When discipline feels heavier than pain
The moment doing the right thing feels harder than giving up
Pain, in a strange way, is familiar.
You can sit in it.
You can pause because of it.
You can justify stopping.
But discipline doesn’t give you that option.
It asks you to move anyway.
To act when you’re already tired.
To focus when your mind is heavy.
To keep going when everything in you wants relief.
That’s when it feels heavier than the pain itself.
Because pain allows stillness.
Discipline demands effort.
It can feel unfair.
Like you’re forcing yourself through something you’ve already struggled with enough.
Like stopping would actually feel kinder to yourself.
And in that moment… it would.
But only for now.
Because what you avoid doesn’t disappear.
It waits.
It builds.
It comes back heavier later.
Discipline is choosing a different kind of discomfort.
One that feels harder in the moment…
But lighter in the long run.
It’s not about being harsh with yourself.

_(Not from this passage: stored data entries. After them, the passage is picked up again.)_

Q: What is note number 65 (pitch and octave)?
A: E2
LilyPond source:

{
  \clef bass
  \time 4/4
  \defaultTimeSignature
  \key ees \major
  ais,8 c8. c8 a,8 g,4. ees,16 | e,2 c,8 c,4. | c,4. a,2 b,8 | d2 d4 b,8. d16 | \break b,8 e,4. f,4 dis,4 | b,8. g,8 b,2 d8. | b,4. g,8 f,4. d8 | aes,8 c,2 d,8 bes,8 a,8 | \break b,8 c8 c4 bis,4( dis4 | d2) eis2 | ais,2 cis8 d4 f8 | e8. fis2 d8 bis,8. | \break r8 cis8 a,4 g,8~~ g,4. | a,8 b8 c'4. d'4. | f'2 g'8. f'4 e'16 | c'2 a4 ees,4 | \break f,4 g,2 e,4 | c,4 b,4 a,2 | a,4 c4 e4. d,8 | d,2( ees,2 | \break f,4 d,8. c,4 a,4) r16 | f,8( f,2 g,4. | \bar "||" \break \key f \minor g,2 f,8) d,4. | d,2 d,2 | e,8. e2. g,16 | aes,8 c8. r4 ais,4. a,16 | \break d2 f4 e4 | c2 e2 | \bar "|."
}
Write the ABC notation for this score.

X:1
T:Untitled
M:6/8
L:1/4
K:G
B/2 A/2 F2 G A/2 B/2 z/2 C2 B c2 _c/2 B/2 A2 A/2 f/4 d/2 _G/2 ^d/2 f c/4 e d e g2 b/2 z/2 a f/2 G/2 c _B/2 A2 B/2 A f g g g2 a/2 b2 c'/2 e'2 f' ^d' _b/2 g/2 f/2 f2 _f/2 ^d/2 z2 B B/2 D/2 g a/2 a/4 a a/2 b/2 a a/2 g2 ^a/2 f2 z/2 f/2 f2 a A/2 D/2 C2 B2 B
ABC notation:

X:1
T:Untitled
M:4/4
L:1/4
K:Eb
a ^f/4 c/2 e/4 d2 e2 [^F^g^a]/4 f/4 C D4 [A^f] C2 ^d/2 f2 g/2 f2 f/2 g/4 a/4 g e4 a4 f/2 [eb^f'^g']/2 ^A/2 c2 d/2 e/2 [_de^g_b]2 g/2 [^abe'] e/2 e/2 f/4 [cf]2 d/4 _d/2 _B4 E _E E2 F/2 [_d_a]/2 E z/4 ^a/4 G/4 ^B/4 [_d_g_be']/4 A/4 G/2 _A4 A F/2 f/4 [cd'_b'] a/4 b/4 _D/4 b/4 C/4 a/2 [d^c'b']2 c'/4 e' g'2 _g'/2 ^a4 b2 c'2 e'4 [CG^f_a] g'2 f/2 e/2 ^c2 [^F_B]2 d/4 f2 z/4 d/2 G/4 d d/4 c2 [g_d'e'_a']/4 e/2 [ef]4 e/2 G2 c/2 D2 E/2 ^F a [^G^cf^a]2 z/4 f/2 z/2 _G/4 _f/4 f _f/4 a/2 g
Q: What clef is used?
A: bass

It’s about not abandoning yourself when things get difficult.
Even when it feels heavier…
Choosing to continue is what slowly makes everything easier.
have you ever felt like pushing forward took more strength than just giving up would have?



yes, I have come to see the pattern of self abandonment much more clearly … the turning away from self to serve the external … the cultural norms and expectations of how and who we are supposed be and what we are supposed to show up for. that feeling of urgency that you just want to go away because it is so damn uncomfortable. for me, the shape/the form of “discipline”in me is transforming and becoming something more like a capacity - to turn toward and be with the urgency and what it hides. to stop and feel and allow what’s moving.
On my morning walks... I keep moving, which takes discipline.